_Exercise_
Starting from the line with "This article is" and going up to and including the line with "We print the", copy the listing below exactly. Leave all images out.

_Information supplied_
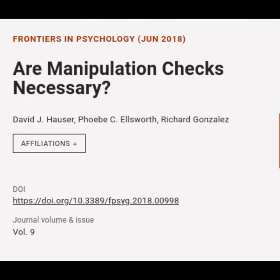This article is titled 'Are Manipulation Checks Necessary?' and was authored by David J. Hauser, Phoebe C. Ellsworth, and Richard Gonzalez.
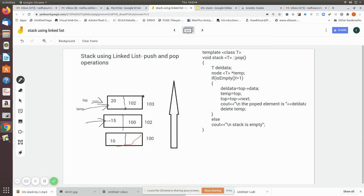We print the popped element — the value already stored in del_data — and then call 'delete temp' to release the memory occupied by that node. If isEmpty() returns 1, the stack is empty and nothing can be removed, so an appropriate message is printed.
==
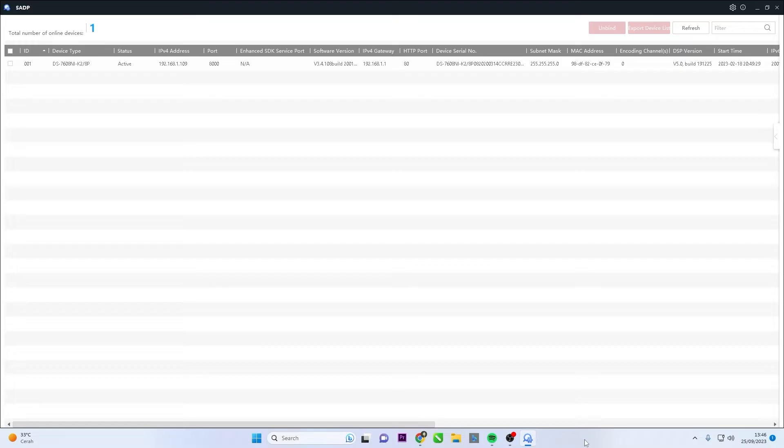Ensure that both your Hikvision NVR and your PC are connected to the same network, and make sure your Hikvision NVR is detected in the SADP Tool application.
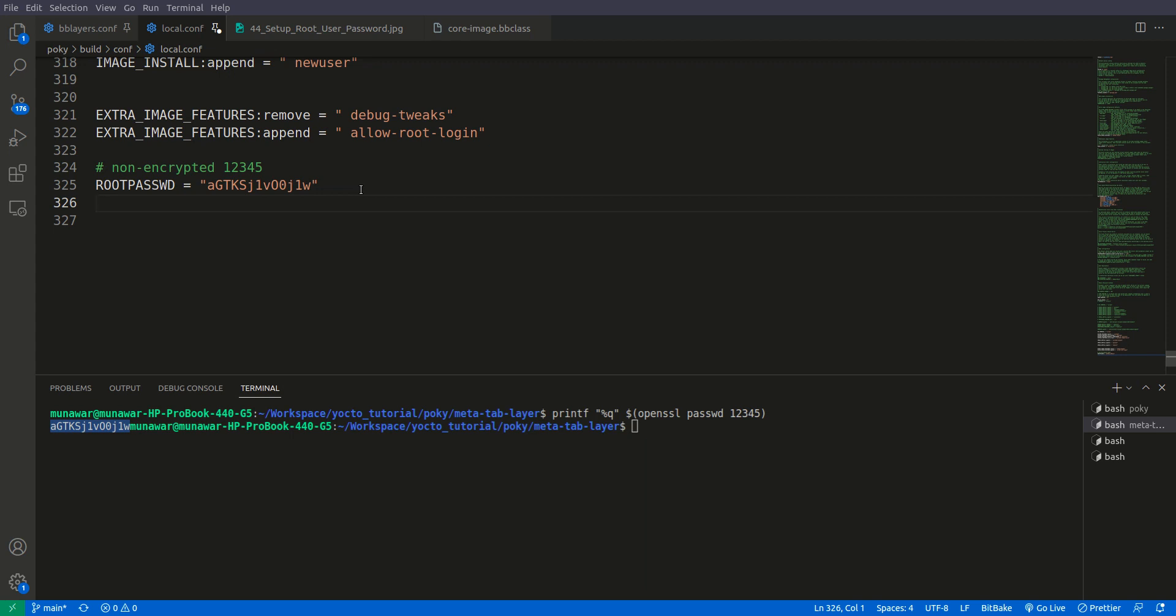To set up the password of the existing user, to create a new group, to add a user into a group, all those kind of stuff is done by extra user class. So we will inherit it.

_Expected output_
This article is titled 'Are Manipulation Checks Necessary?' and was authored by David J. Hauser, Phoebe C. Ellsworth, and Richard Gonzalez.
We print the popped element — the value already stored in del_data — and then call 'delete temp' to release the memory occupied by that node. If isEmpty() returns 1, the stack is empty and nothing can be removed, so an appropriate message is printed.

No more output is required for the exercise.